Mohcine Fikri, victime de l’arbitraire, l’improvisation et la précipitation

Une vague de contestation dans les grandes villes du Maroc

Le monopole de la violence et l’exclusivité de la loi sont des domaines régaliens strictement réservés à l’Etat. En face, et en cas de défaillance de ce dernier dans la gestion de ces prérogatives, le peuple lui, dispose de l’arme de la contestation. Un principe tacitement reconnu et accepté dans toutes les démocraties modernes.

La mort tragique, vendredi 28 octobre, de Mohcine Fikri, jeune vendeur de poisson à Al Hoceima, broyé «accidentellement» par une benne-tasseuse alors qu’il essayait d’empêcher la destruction de sa marchandise, une cargaison d’espadons chargée au port de la ville et que Mohcine s’apprêtait à acheminer vers la ville de Nador, et la grande vague sans précédent d’indignation qu’elle a suscitée dans pratiquement toutes les villes marocaines en a été l’exemple.

En effet, et moins de 48 heures après la diffusion sur «youtube» et sur les réseaux sociaux des vidéos de sa mort, des sit-in et marches de protestation ont été organisées avec une spontanéité qui n’a d’égal que la discipline et l’ordre dans lesquels ils se sont déroulés. Sans encadrement partisan ou syndical, sans leaders réels ou autoproclamés si ce n’est un mot d’ordre anonyme donné sur les réseaux sociaux 24 heures avant l’heure fixée, des milliers de Marocains ont signé un agréable moment de solidarité qui démontre, si besoin en est, l’unité populaire autour des questions cruciales. Un bel entrain qui exprime une conscience politique et une symbiose héritée de cette fibre patriotique qui avait guidé les Marocains dans leur lutte contre l’occupation durant la première moitié du siècle dernier et pour la construction de cette démocratie pluraliste moderne et juste.

Une réaction spontanée qui a été retenue, entendue et assimilée par les autorités locales et centrales qui ont annoncé dès le début de cette crise leur volonté de diligenter une enquête sérieuse et impartiale conformément à la loi et dans le respect strict des procédures en vigueur afin de rétablir toute la vérité sur cet incident tragique.

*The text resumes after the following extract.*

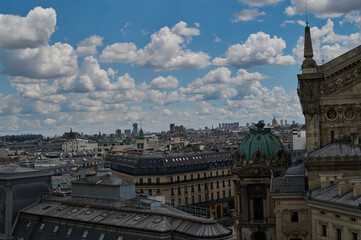 Sightseeing in Paris through Montmartre, the Latin Quarter, Notre Dame, the Eiffel Tower, the Champs Elysées, the Louvre Museum and the streets with ancient buildings, in the year of the Olympic Games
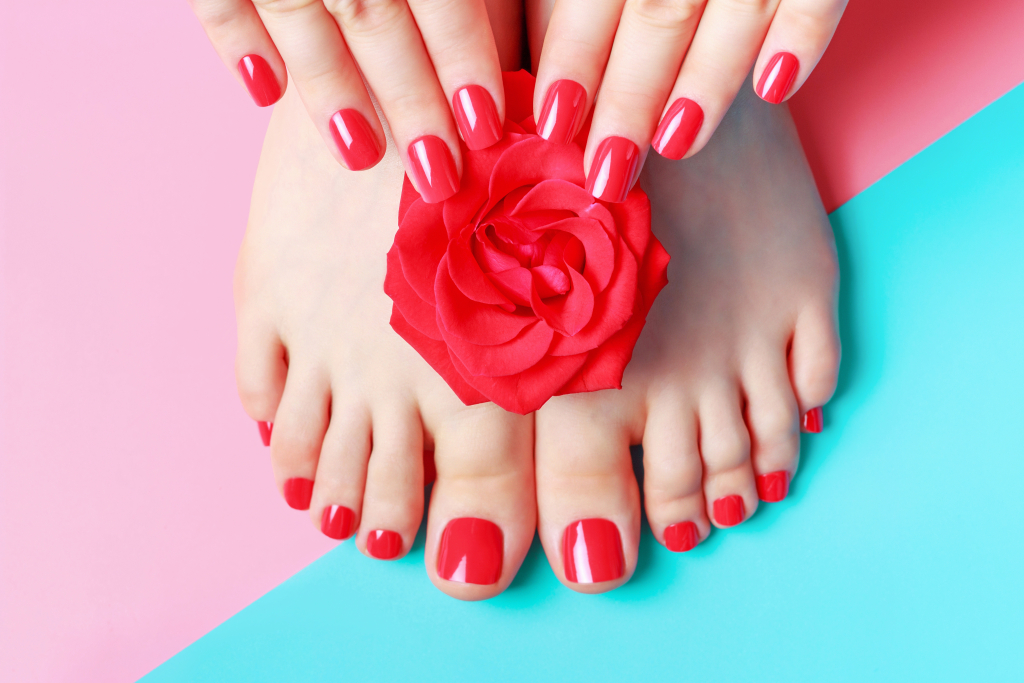 Female hands with manicure and feet with pedicure on blue and pink background.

S.M Le Roi Mohammed VI a ordonné l’ouverture d’une enquête approfondie et minutieuse «pour que des poursuites soient engagées contre quiconque dont la responsabilité serait établie dans cet incident, avec une application rigoureuse de la loi à tous, pour servir d’exemple à toute personne qui aurait failli ou manqué à ses missions et responsabilités».

Car, si les conditions de l’interpellation de la victime font l’objet de spéculation entre les déclarations d’officiels, de témoins et les révélations de certains observateurs, notamment sur les réseaux sociaux, il n’en demeure pas moins que «personne n’avait le droit de le traiter ainsi», comme l’a déclaré dimanche soir le ministre de l’Intérieur Mohamed Hassad, ajoutant qu’on «ne peut pas accepter que des responsables agissent dans la précipitation, sous la colère, ou dans des conditions qui ne respectent pas le droits des gens».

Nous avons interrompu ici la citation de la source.